Hello everyone, I am Kei and I'm here to talk about database optimization in PostgreSQL
One question before We start.
How do you store data when developing applications these days?
Recently, many small application developers are using so-called NoSQL, such as Firestore.
I myself use Firestore as my main data store for both work and pleasure, so I have recently moved away from the strong SQL and PostgreSQL RDBs that I am familiar with from the past.
But I'm starting to think lately that this is not a very good thing.
Naturally, NoSQL is convenient at first glance because of its fast implementation and transaction speed, but after using it for a long time, you start to realize that the running cost of NoSQL is surprisingly high.
Especially when handling core business data, it is difficult to ensure the relevance of data, and you have to be even more careful.
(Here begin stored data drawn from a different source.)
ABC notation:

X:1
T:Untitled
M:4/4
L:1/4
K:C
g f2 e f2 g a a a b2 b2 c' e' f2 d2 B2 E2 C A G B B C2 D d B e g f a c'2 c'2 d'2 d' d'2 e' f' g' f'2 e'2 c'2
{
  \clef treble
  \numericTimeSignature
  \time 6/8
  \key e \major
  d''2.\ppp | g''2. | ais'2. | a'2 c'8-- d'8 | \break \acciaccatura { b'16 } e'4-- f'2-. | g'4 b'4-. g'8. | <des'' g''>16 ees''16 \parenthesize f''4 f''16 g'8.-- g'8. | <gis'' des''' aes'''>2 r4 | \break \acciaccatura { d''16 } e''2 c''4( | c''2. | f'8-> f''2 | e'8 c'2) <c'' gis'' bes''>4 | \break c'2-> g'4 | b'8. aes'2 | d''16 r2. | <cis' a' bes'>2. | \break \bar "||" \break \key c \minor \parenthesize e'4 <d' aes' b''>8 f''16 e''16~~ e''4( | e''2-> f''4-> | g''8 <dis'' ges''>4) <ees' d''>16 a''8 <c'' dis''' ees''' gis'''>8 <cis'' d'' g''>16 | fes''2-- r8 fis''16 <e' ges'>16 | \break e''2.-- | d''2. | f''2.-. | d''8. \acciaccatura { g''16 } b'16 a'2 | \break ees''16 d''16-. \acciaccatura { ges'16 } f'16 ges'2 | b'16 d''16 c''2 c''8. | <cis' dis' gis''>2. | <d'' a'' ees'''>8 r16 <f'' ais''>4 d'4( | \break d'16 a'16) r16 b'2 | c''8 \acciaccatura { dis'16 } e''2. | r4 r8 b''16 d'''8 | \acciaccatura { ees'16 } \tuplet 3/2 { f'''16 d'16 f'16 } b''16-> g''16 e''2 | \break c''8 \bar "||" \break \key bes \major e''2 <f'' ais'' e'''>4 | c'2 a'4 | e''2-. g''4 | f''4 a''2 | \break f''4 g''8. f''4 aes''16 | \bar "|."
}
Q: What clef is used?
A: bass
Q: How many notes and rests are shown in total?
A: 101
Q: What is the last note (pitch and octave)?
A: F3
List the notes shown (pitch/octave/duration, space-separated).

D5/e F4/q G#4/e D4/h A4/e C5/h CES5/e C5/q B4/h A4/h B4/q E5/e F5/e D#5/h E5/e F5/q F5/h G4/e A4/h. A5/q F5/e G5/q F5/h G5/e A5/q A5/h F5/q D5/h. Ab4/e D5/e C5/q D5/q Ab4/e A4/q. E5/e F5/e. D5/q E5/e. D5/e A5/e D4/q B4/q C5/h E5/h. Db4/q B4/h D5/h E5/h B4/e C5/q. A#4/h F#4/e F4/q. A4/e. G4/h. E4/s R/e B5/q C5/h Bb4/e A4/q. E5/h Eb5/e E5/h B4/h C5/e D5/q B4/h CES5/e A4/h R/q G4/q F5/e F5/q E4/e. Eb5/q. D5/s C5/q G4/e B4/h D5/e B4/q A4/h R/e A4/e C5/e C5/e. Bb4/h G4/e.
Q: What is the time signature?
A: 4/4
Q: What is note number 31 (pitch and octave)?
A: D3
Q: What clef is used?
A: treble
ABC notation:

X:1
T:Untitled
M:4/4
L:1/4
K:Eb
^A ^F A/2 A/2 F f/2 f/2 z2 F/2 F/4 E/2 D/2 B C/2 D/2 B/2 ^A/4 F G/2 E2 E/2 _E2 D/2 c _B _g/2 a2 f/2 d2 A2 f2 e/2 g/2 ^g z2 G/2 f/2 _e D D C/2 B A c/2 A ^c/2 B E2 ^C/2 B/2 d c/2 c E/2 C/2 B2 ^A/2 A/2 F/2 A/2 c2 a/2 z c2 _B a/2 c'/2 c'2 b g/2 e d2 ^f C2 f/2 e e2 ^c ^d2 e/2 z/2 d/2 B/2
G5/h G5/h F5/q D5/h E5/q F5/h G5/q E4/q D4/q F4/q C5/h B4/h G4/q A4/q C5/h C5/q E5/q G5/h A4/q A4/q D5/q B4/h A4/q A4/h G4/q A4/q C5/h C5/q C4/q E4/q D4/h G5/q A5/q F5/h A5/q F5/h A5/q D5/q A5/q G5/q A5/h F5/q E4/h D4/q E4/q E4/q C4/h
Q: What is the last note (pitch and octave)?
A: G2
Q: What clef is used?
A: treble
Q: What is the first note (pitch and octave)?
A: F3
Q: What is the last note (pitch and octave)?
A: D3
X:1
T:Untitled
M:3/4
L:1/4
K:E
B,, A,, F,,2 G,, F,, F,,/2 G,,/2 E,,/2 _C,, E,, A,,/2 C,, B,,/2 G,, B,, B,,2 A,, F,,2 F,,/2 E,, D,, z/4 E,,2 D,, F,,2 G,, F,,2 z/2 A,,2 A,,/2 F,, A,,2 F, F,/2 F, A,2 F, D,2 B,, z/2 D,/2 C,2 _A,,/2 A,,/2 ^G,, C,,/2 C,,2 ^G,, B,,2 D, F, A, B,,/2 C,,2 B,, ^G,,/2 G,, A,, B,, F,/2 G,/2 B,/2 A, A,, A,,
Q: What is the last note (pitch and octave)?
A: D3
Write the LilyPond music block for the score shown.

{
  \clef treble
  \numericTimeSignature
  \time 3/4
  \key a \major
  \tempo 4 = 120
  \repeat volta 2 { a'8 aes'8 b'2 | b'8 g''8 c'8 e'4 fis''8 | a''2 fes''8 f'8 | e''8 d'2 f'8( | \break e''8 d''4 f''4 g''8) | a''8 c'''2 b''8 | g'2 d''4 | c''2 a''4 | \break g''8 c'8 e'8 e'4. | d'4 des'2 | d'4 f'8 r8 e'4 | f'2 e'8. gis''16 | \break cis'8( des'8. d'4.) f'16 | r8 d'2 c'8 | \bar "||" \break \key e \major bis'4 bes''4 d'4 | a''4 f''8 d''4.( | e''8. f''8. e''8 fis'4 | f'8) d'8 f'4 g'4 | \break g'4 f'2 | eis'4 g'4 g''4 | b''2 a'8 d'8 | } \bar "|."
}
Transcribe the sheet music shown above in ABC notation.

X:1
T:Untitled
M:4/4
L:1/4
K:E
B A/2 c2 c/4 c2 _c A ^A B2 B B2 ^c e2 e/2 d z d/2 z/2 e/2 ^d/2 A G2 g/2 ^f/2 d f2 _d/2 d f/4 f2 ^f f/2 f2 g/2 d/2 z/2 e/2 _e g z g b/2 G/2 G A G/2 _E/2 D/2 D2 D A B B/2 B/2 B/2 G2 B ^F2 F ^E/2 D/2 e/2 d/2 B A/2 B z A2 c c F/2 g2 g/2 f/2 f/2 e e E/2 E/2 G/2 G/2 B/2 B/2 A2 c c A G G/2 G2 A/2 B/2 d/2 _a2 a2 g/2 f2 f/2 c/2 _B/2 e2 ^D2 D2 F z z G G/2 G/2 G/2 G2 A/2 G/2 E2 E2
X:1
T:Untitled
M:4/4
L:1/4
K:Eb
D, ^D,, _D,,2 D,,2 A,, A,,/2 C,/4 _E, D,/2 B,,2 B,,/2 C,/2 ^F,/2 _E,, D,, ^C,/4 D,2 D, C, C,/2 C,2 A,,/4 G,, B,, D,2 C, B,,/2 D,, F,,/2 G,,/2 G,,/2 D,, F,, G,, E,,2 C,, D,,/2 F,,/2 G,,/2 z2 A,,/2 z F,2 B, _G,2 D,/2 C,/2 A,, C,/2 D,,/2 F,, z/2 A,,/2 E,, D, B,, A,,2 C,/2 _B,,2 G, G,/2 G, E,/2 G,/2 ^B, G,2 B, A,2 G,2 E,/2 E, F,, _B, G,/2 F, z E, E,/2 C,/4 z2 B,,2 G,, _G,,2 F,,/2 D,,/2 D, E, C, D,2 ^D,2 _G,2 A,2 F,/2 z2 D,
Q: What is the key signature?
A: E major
Therefore, I believe that NoSQL cannot be a perfect substitute for RDB, and that it is important to use it where it is essential. There is no silver bullet.
So, recently I've been switching where to store data from Firestore to PostgreSQL for some of my projects, but it's been a few years since I've used it and I've forgotten a lot of things, so I wanted to relearn some things.
So, I'm going to share some SQL How To's with a focus on improving database performance over the next few posts. (By the way, I will be using PostgreSQL.
Flow of Query
Now, since this is the first article in this series, let's start with what we are most likely to work on when performing database performance: query optimization.
To do this, the most important thing is to understand how DMBS receives and evaluates queries.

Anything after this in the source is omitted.